Trevor: Looking at the Creative Commons page for Flickr, it would seem that this isn't the full set of Creative Commons images. By my count, there are more than 300 million creative commons licensed photos there. How were the 100 million selected, and what factors went into deciding to release a subset rather than the full corpus?

Ayman: We wanted to create a solid dataset given the potential public dataset size; 100 million seemed like a fair sample size that could bring in close to 50% geo-tagged data and about 800 thousand videos. We envision researchers from all over the world accessing this data, so we did want to account for the overall footprint and feature sizes.  We've chatted about the possibility of 'expansion packs' down the road, both to increase the size of the dataset and to include things like comments or group memberships on the photos.

Trevor: These images are all already licensed for these kinds of uses, but I imagine that it would have simply been impractical for someone to collect this kind of data via the API. How does this data set extend what researchers could already do with these images based on their licenses? Researchers have already been using Flickr photos as data, what does bundling these up as a dataset do for enabling further or better research?

Ayman: Well, what's been happening in the past is people have been harvesting the API or crawling the site.  However, there are a few problems with these one-off research collections; the foremost is replication.  By having a large and flexible corpus, we aim to set a baseline reference dataset for others to see if they can replicate or improve upon new methods and techniques.  A few academic and industry players have created targeted datasets for research, such as ImageNet from Stanford or Yelp's release of its Phoenix-area reviews. Yahoo Labs itself has released a few small targeted Flickr datasets in the past as well.  But in today's research world, the new paradigm and new research methods require large and diverse datasets, and this is a new dataset to meet the research demands.

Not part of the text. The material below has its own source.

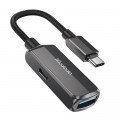 Bộ chuyển đổi Mcdodo OTG type-C sang type-C+USB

Trevor: What kinds of research are you and your colleagues imagining folks will do with these photographs? I imagine a lot of computer science and social network research could make use of them. Are there other areas you imagine these being used in? It would be great if you could mention some examples of existing work that folks have done with Flickr photos to illustrate their potential use.

Ayman: Well, part of the exciting bit is finding new research questions.  In one recent example, we began to examine the shape and structure of events through photos.  Here, we needed to temporally align geo-referenced photos to see when and where a photo was taken. As it turns out, the time the photo was taken and the time reported by the GPS are off by as much as 10 minutes in 40% of the photos.  So, in work that will be published later this year, we designed a method for correcting timestamps that are in disagreement with the GPS time.  It's not something we would have thought we'd encounter, but it's an example of what makes a good research question.  With a large corpus available to the research world at-large, we look forward to others also finding new challenges, both immediate and far-reaching.

Trevor: Based on this, and similar webscope data sets, I would be curious for any thoughts and reflections you might offer for libraries, archives and museums looking at making large scale data sets like this available to researchers. Are there any lessons learned you can share with our community?

Ayman: There's a fair bit of care and precaution that goes into making collections like this -  rarely is it ever just a scrape of public data; ownership and copyright does play a role. These datasets are large collections that reflect people's practices, behavior and engagement with media like photos, tweets or reviews. So, coming to understand what these datasets mean with regard to culture is something to set our sights on. This applies to the libraries and archives that set to preserve collections and to researchers and scientists, social and computational alike, who aim to understand them.